Hayatımdaki Erkekler!
Hayatı Öğreten de Vardı; Aşkı da, Anlatılmaz Acıyı Yaşatan Da…
Hayatı öğreten de vardı; aşkı da, anlatılmaz acıyı yaşatan da…
Kimi mesleğimde kilometre taşım oldu kimi de kariyerimdeki önemli dönemecim!
Kimler mi onlar?
Kimi hayatı öğretti bana, tökezletmek isteyenlerin yerine. Kimi doğru ya da yanlış ne yaparsam yapayım arkamda oldu. Kimi aşkın bulutlarında sevdayı yaşattı, kimi hüznün topraklarında anlatılmaz acıyı…
Kimi de doğruluğun yolunda ilerlerken, güzel ve anlamlı hayat yaşamak konusunda verdiğim mücadelemde benden desteğini esirgemedi. Kimi mesleğimdeki kilometre taşım oldu, kimi de kariyerimdeki önemli bir dönemecim... Başarı konusunda açılmamış kanatlarımı açarak, yükseklere uçabileceğimi gösteren de vardı.
Bana çok şey öğrettiler. İşte hayatımdaki erkekler!
Sevdiğim ilk adam! Hayatımdaki ilk erkek de diyebiliriz! Hani yaşanan ikili ilişkiler için derler ya 'Gözümü onunla açtım' diye. Aynen öyle...
Gözümü açtığımda gördüğüm ilk erkekti! :)
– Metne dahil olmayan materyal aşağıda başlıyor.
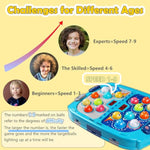 Toys For 3 4 5 6 Year Old Boys, Todder Toys, Gift For 3+ Year Old Boy, Whack Game Mole, Birthday Gift For Todders, Grandkids, 11X15In 2-Player Whack Toy With 5 Modes, 9 Speeds, 54 Levels, Light&Sounds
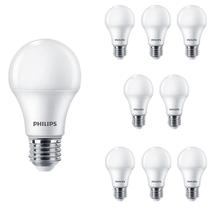 9 Lâmpadas Led Bulbo 9w 4000k Philips Neutro A60 806Lm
Sevgiyi, saygıyı, doğruluğu, dürüstlüğü, sessiz, sakin olabilmeyi, zararlı şeylerden, kavgalardan, tartışmalardan uzak durmayı, olaylar karşısında soğukkanlı olabilmeyi, ne iş yapılırsa yapılsın o işte en mükemmele ulaşmayı, yapılan her işte bir önceki işten daha iyi sonuç çıkarmayı, kendini sürekli geliştirmeyi, her yeni günde yeni şeyler öğrenebilmeyi, azimli olmayı, daha çok okumayı, bir şeyi yapacaksan şikayet etmeden yapmayı, bulunduğun ortama uygun yaşayabilmeyi ama daha iyi ortamlarda bulunabilmek için de çabalayıp çalışmayı, elinden geldiği kadarıyla iyi ve kaliteli yaşamayı, ne yaparlarsa yapsınlar her koşulda insanları sevmeyi, herkese saygı göstermeyi, kimsenin hakkını yememeyi ve hayatla ilgili birçok şeyi…
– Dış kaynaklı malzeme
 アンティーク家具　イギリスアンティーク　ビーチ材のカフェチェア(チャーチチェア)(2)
Bunları bana öğretmesinin yanı sıra... Seneler önce yarım bıraktığı üniversite eğitimine 20 yıl sonra girdiği sınavı kazanarak yeniden başladı. Bölüm birincisi olarak üniversiteyi bitirmesiyle ‘Hiçbir şey için geç değil!” sözünü doğrulayan, şimdi ‘Öğretim Görevlisi’ olarak yoluna devam eden, azmin zaferini başarıyla taçlandıran…
Doğruluk, dürüstlük, azim, sevgi, saygı; senin diğer isimlerindir bende saklı olan…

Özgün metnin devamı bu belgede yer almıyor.